PROVIDED RECORDS
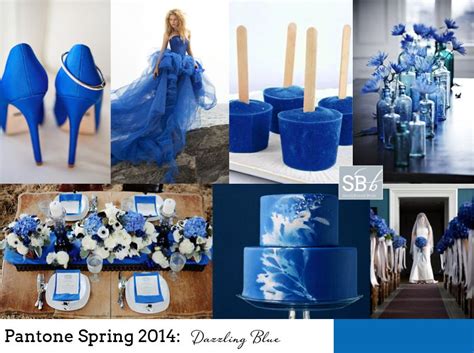 Pantone Spring 2014 Dazzling Blue Southbound Bride Blue Wedding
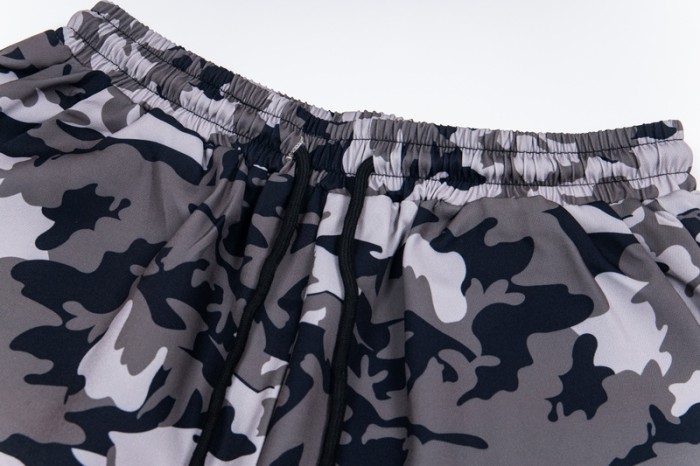 American Street Style Trapstar Camo Print Elastic Waist Shorts 2 colors 29080679
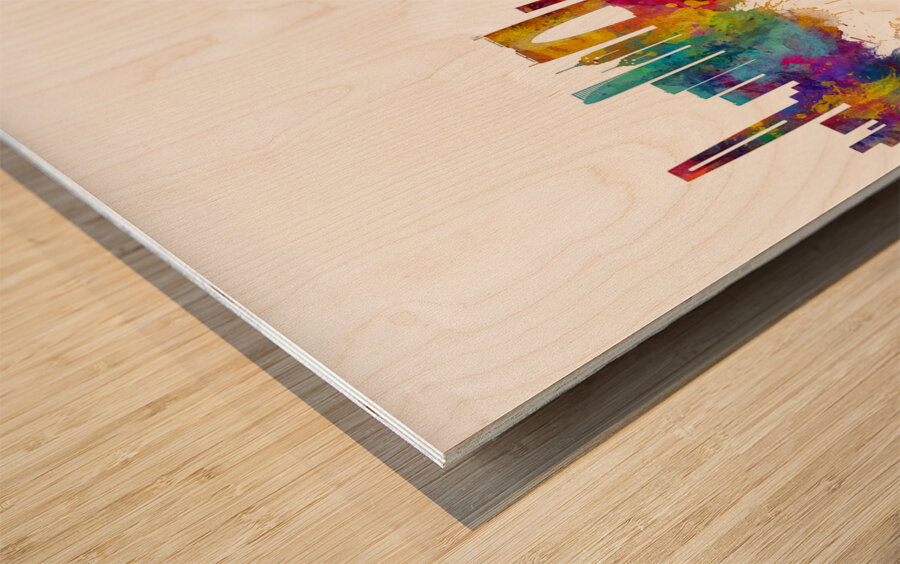 Suzhou China Skyline Wood print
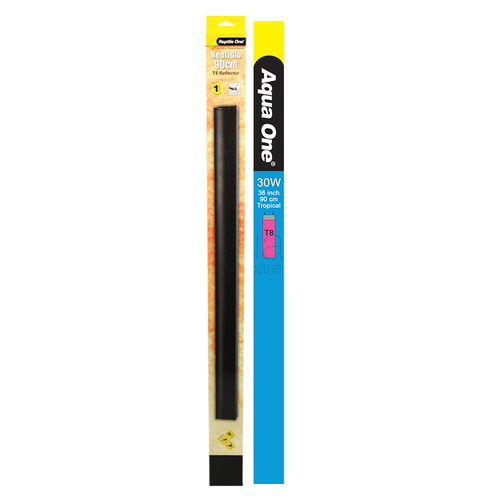 Aqua One 90cm Reflector Kit 2pk - Includes Single T8 30W w/ Tropical Tube (46498-TK)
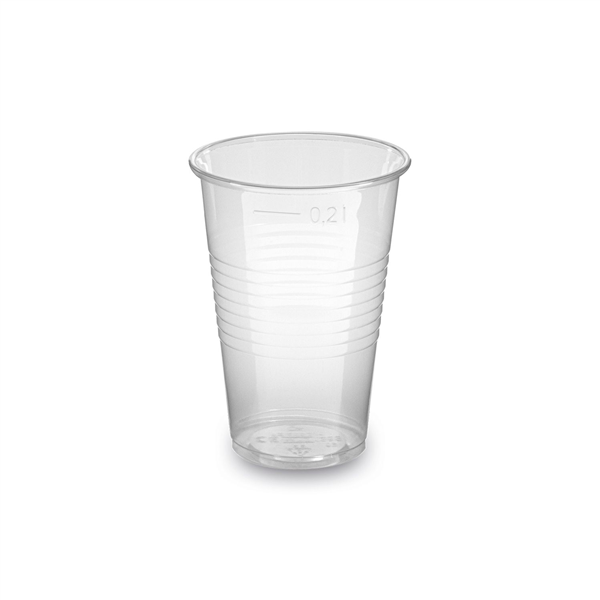 Kelímek průhledný 0,2 l -PP- (? 70 mm) [100 ks]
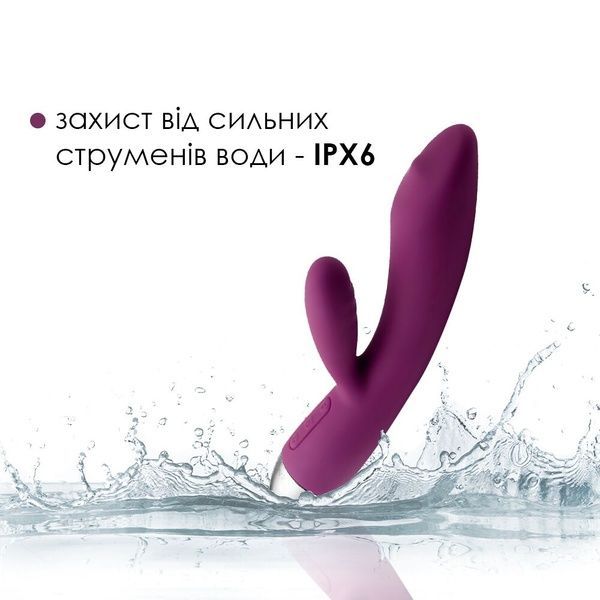 Вібратор-кролик із перлинною стимуляцією точки G Svakom Trysta Violet SO4839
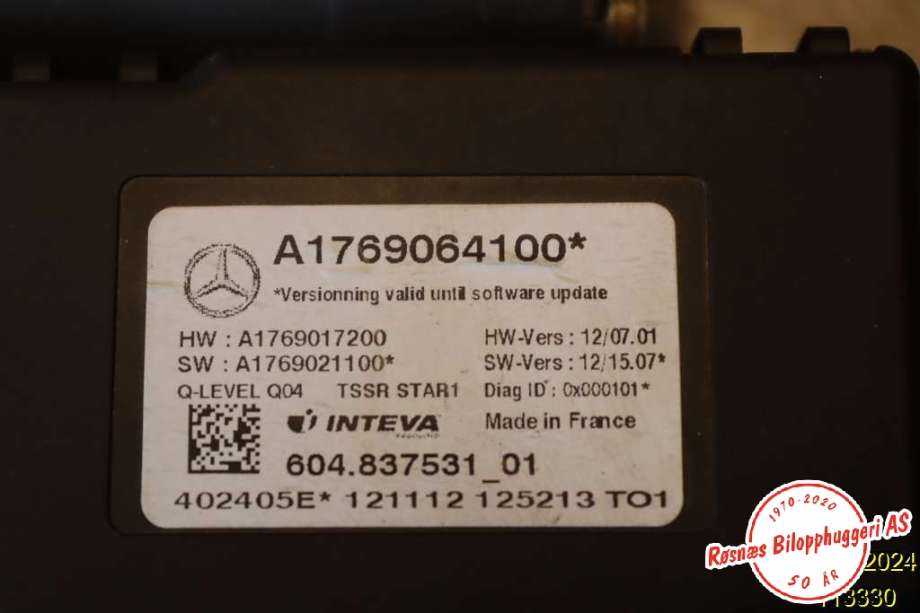 Takluke motor til Mercedes A-Klasse 2012-2018 (W176) (W176) (MERCEDES|A1769064100|)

YOUR GOAL
The line that contains "Aqua One 90cm" opens the part to copy, and the last line of the records closes it; set down those lines exactly, pictures excluded.

OUTPUT FOR THIS TASK
 Aqua One 90cm Reflector Kit 2pk - Includes Single T8 30W w/ Tropical Tube (46498-TK)
 Kelímek průhledný 0,2 l -PP- (? 70 mm) [100 ks]
 Вібратор-кролик із перлинною стимуляцією точки G Svakom Trysta Violet SO4839
 Takluke motor til Mercedes A-Klasse 2012-2018 (W176) (W176) (MERCEDES|A1769064100|)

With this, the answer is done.